Les plus illustres de vos compatriotes nous présentent le même mélange de critique et d’admiration, de rejet et de fascination. Dostoïevski se moque des Parisiens qui n’ont que deux idéals, voir la mer et se rouler dans l’herbe, mais il commence sa carrière littéraire par ce cri enthousiaste : « Miracle ! J’ai traduit Eugénie Grandet ! » Tolstoï fustige Napoléon dans Guerre et Paix mais donne ce conseil insistant au jeune Gorki : « Lisez les Français. » La lettre anonyme calomnieuse pour Pouchkine, et qui force le poète à se battre dans ce duel où il trouvera la mort, est écrite en français, langue qu’il maniait mieux que le pistolet. Ivan Bounine, que vous considérez comme le meilleur prosateur russe du xxe siècle, et sur qui vous avez écrit votre thèse, est venu, après la Révolution, se réfugier en France. Dans le cœur de chaque Russe, semble-t-il, il y a cette interrogation : comment se fait-il que ce minuscule pays, si nous le comparons au nôtre, agité de petites vanités, secoué de petits ridicules, ce pays qui brocarde volontiers ses grands hommes, qui ne mesure pas sa chance d’être libre et perd beaucoup de temps à se plaindre, à grogner, à râler, ce pays plus attentif à ses droits qu’à ses devoirs, comment se fait-il qu’il ait donné naissance à la plus grande littérature du monde ? Car le fond du problème est là, dans le contraste entre la médiocrité de la France de l’apéro, et son génie littéraire.        

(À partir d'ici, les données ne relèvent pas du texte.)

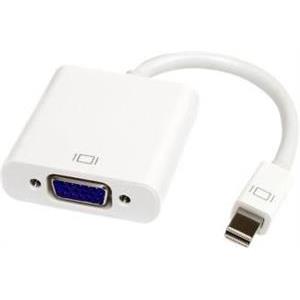 Adapter E-Green Mini DisplayPort (M) - VGA D-sub (F)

Catherine II, invitant Diderot à Saint-Pétersbourg puis achetant la bibliothèque de Voltaire, a donné l’élan à ce tropisme qui vous a conduit à votre tour, Monsieur, à choisir la France comme seconde patrie, puis à souhaiter rejoindre notre Académie, où vous côtoierez les ombres de Corneille et de Racine, de d’Alembert et de Voltaire, de Hugo et de Mérimée, de Bergson et de Valéry. Puissiez-vous être heureux en notre compagnie. Pierre le Grand, lors de son mémorable voyage à Paris, la visita quand elle siégeait encore dans une salle du Louvre. Il fut reçu par le Secrétaire perpétuel, André Dacier, traducteur d’Aristote et d’Horace, et mari de la fameuse Mme Dacier qui attisa la querelle des Anciens et des Modernes en prenant parti pour les Anciens. Puis il alla s’incliner devant le tombeau de Richelieu dans la chapelle de la Sorbonne et devant le cénotaphe de Mazarin dans la chapelle du collège des Quatre-Nations, cette chapelle devenue la présente Coupole, ornée toujours de ce monument funéraire. Le souverain conquit Paris, malgré une originalité et des manières singulières bien comprises de Saint-Simon. Le duc, qui le rencontra, dit de lui que la France le regarde désormais « comme un prodige dont elle demeure charmée ». En vous aussi, nous reconnaissons, Monsieur, qui incarnez si bien votre patrie, cet indicible, ineffable supplément d’humanité qui mérite de s’appeler, d’un vocable dépourvu absolument de mièvrerie mais chargé au contraire d’une saveur ô combien épicée : le charme russe.